→ Directions for this task
Retype the following records exactly and exclude the pictures.
+ + + + + + +
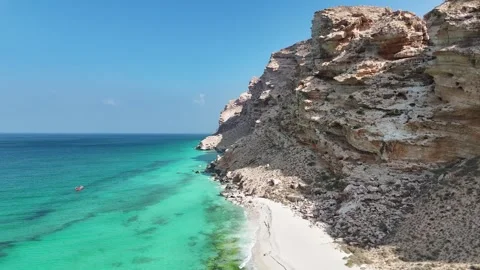 Pristine beach beside turquoise sea and rugged cliffs, Socotra siland Stock Footage 322019652
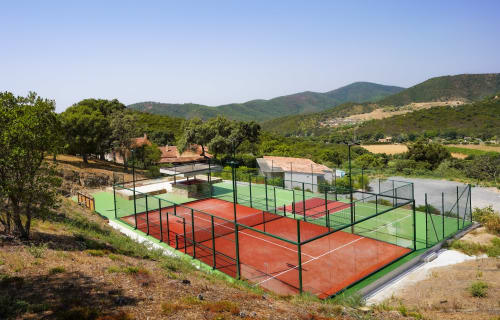 Tennis courts at Villa Nais in Bormes les Mimosas with mountain views and tree-lined setting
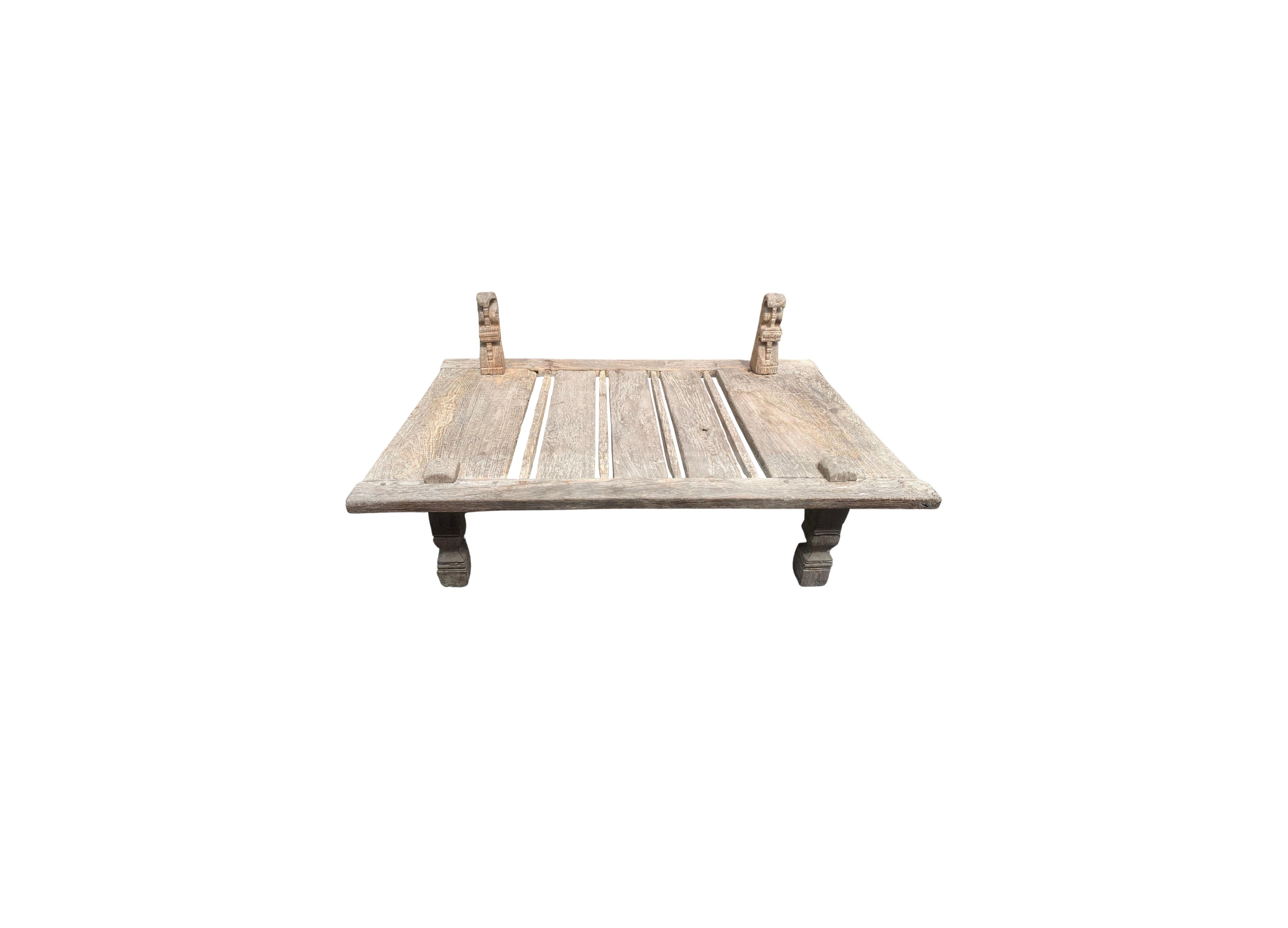 This solid teak weaving table was crafted in Java, Indonesia more than 100 years ago. It features extended columns on its top side which would have been used to hold horizontal weaving poles and help tighten fibres during the weaving process. An
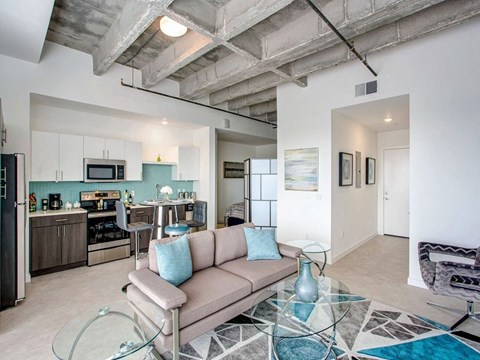 A modern living room with a glass coffee table and a couch.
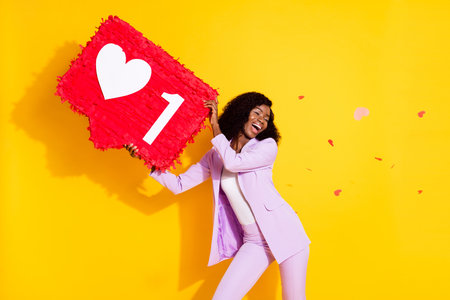 Photo of young happy smiling excited funky afro girl hold huge red pinata with flying hearts...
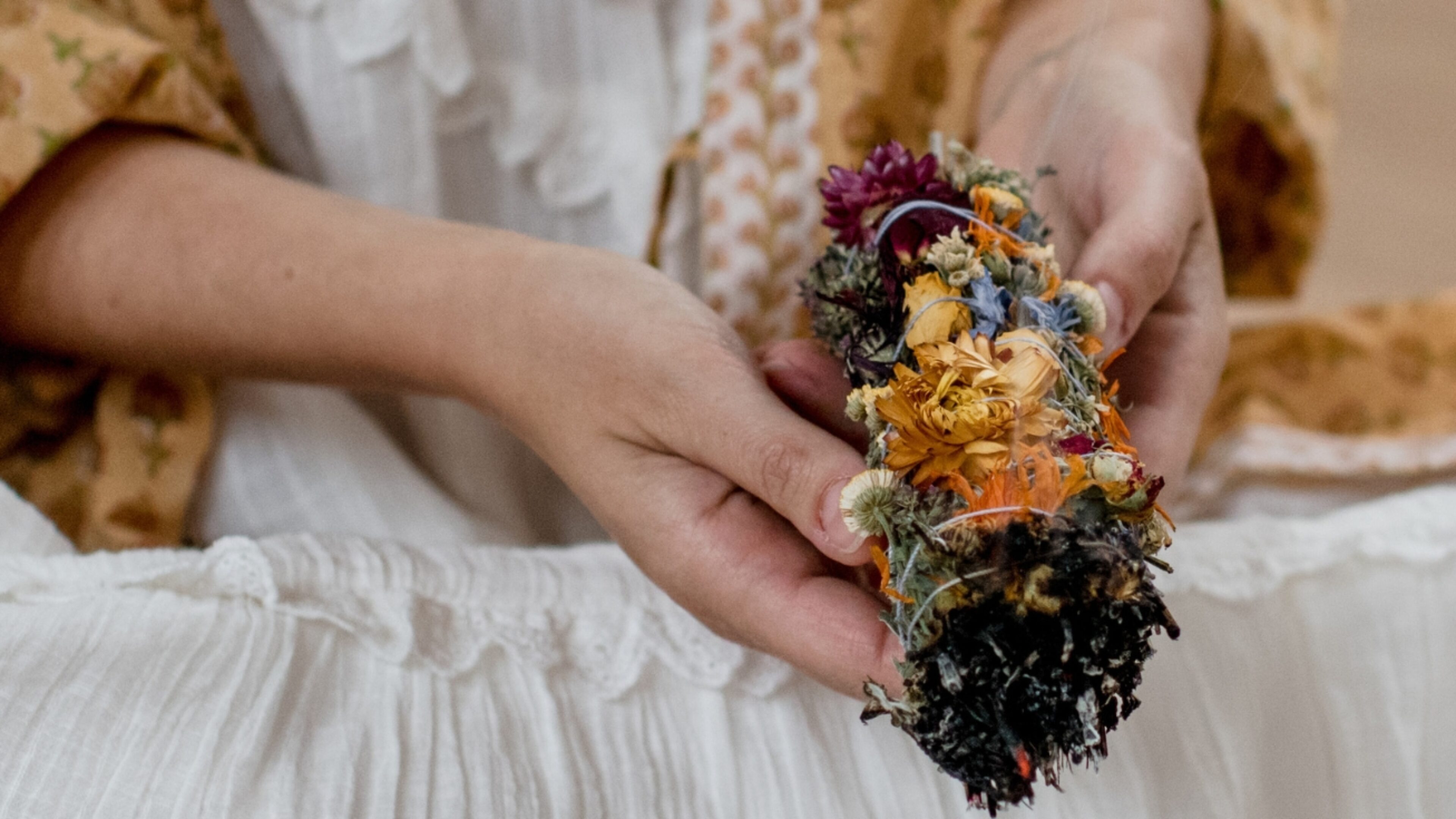 Person holding a flower smudge during a workshop at De Nieuwe Yogaschool in Amsterdam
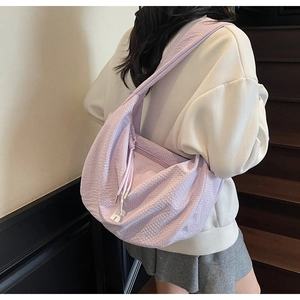 Detail of light purple dumpling bag featuring textured fabric and silver H pendant
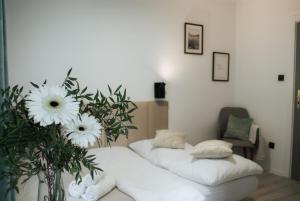 カルパチにあるWilla Skałkaの白いシーツと花が飾られたベッド2台が備わる客室です。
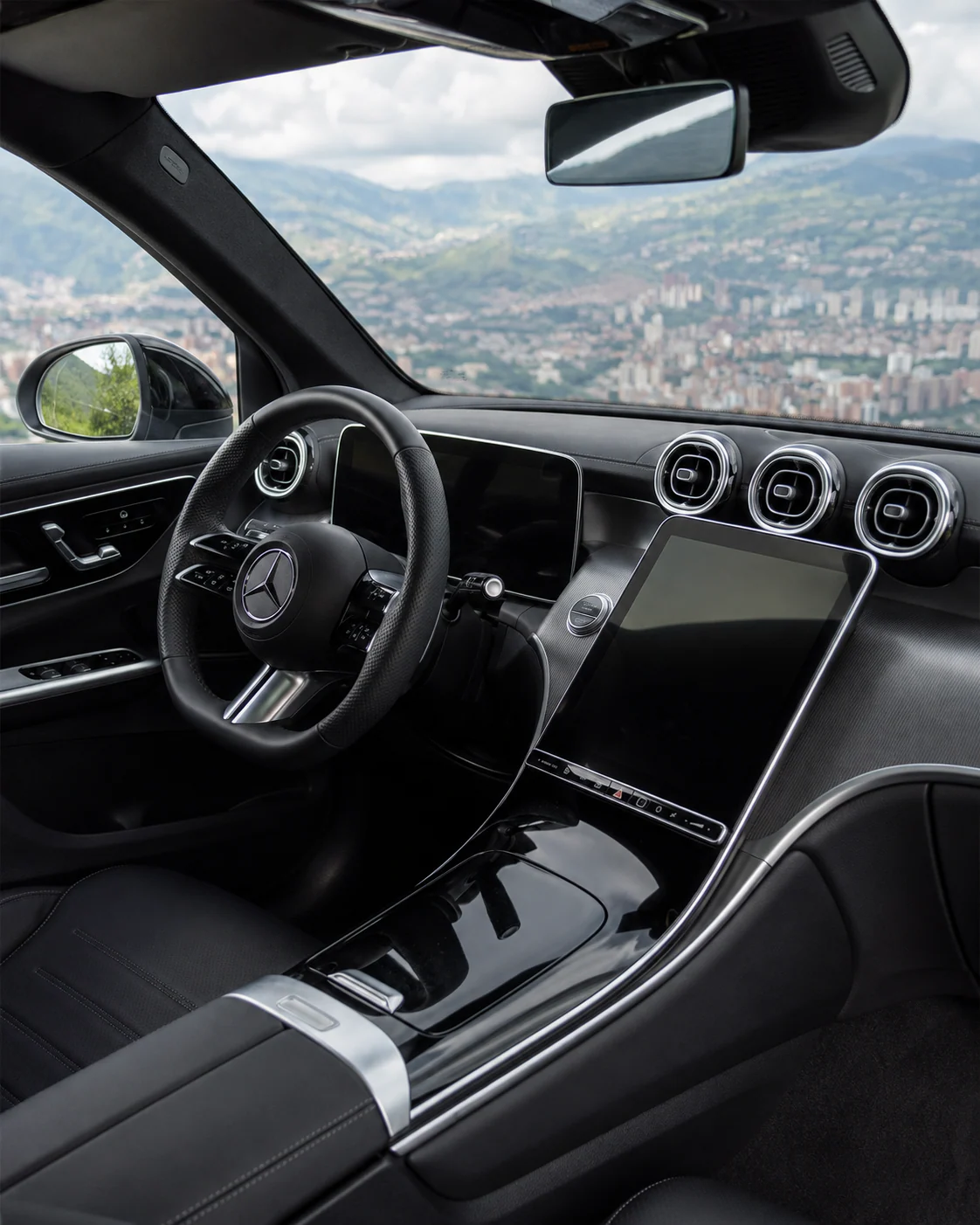 Puesto de conducción de la Mercedes-Benz GLC 300: volante de radios planos, pantalla central inclinada y consola.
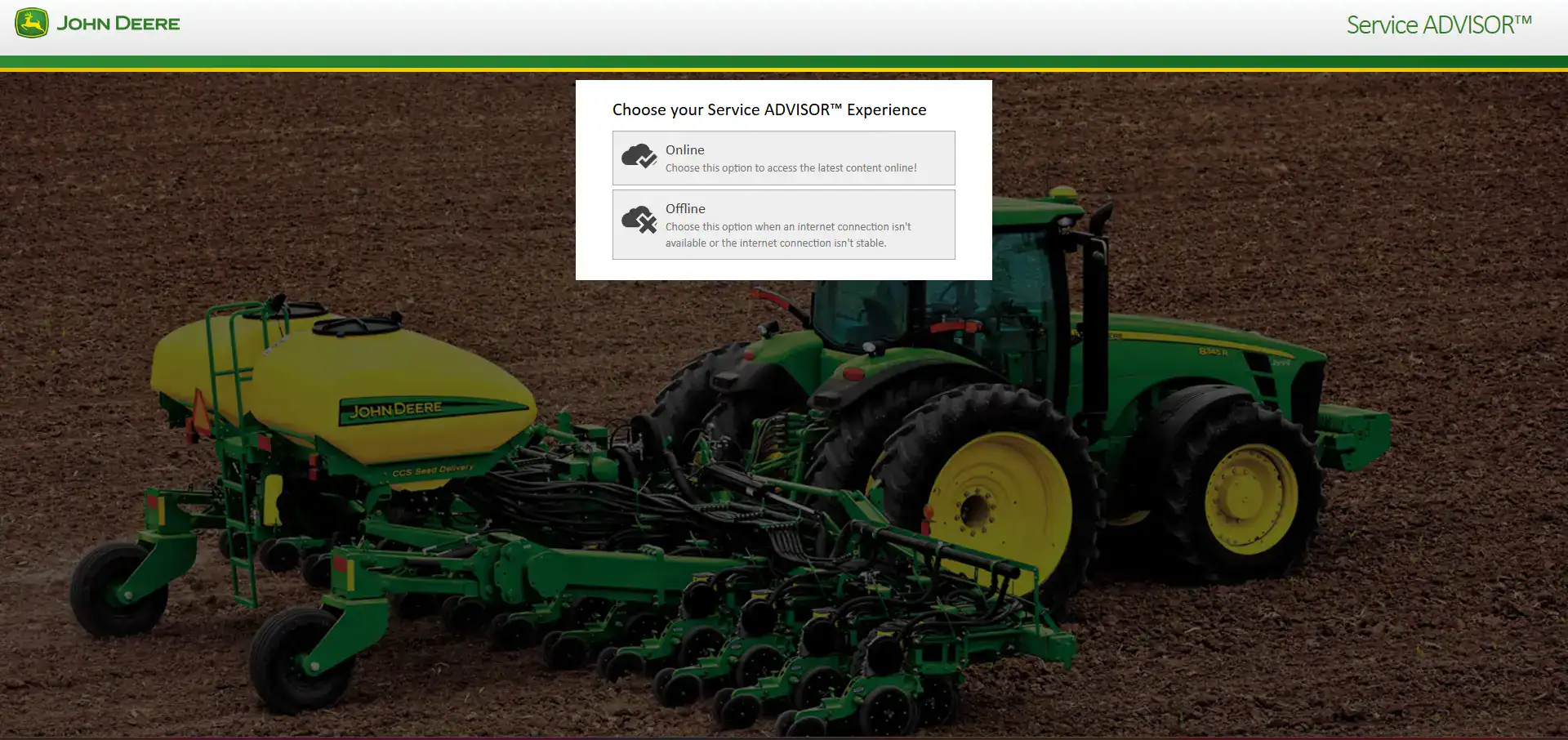 Green and yellow John Deere tractor with seed planter attachment on a farm field, demonstrating agricultural machinery for planting crops.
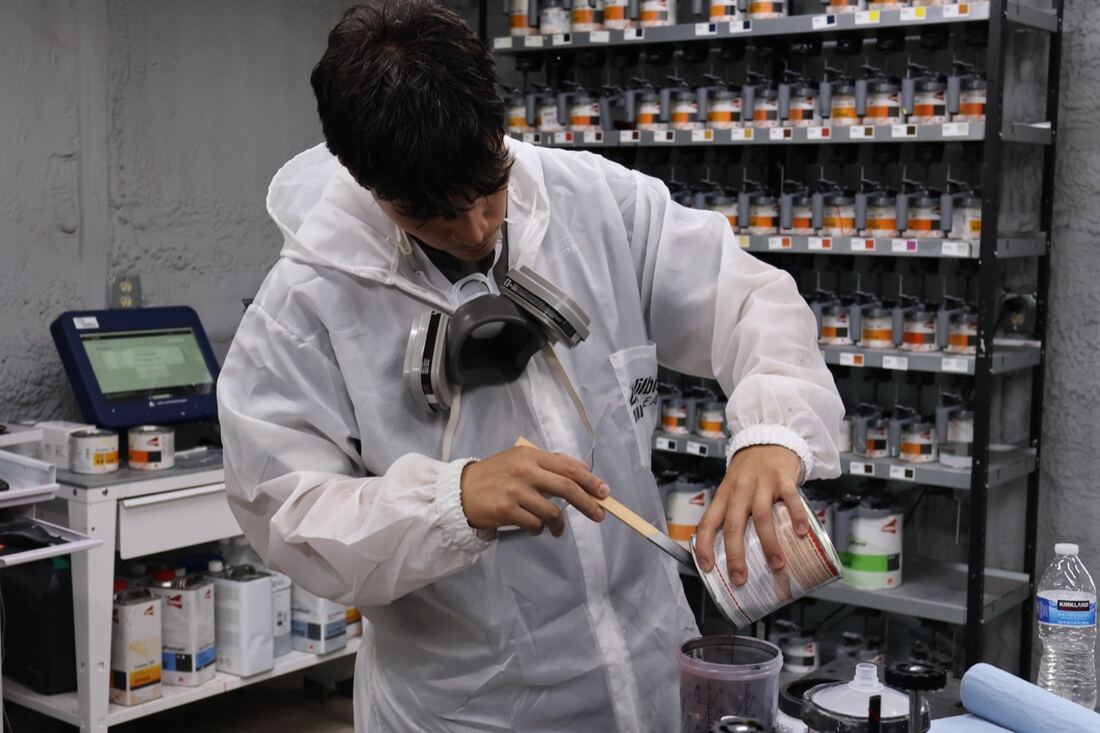 An Apex technician mixing factory-match paint in the mixing room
+ + + + + + +
→ Written response
 Pristine beach beside turquoise sea and rugged cliffs, Socotra siland Stock Footage 322019652
 Tennis courts at Villa Nais in Bormes les Mimosas with mountain views and tree-lined setting
 This solid teak weaving table was crafted in Java, Indonesia more than 100 years ago. It features extended columns on its top side which would have been used to hold horizontal weaving poles and help tighten fibres during the weaving process. An
 A modern living room with a glass coffee table and a couch.
 Photo of young happy smiling excited funky afro girl hold huge red pinata with flying hearts...
 Person holding a flower smudge during a workshop at De Nieuwe Yogaschool in Amsterdam
 Detail of light purple dumpling bag featuring textured fabric and silver H pendant
 カルパチにあるWilla Skałkaの白いシーツと花が飾られたベッド2台が備わる客室です。
 Puesto de conducción de la Mercedes-Benz GLC 300: volante de radios planos, pantalla central inclinada y consola.
 Green and yellow John Deere tractor with seed planter attachment on a farm field, demonstrating agricultural machinery for planting crops.
 An Apex technician mixing factory-match paint in the mixing room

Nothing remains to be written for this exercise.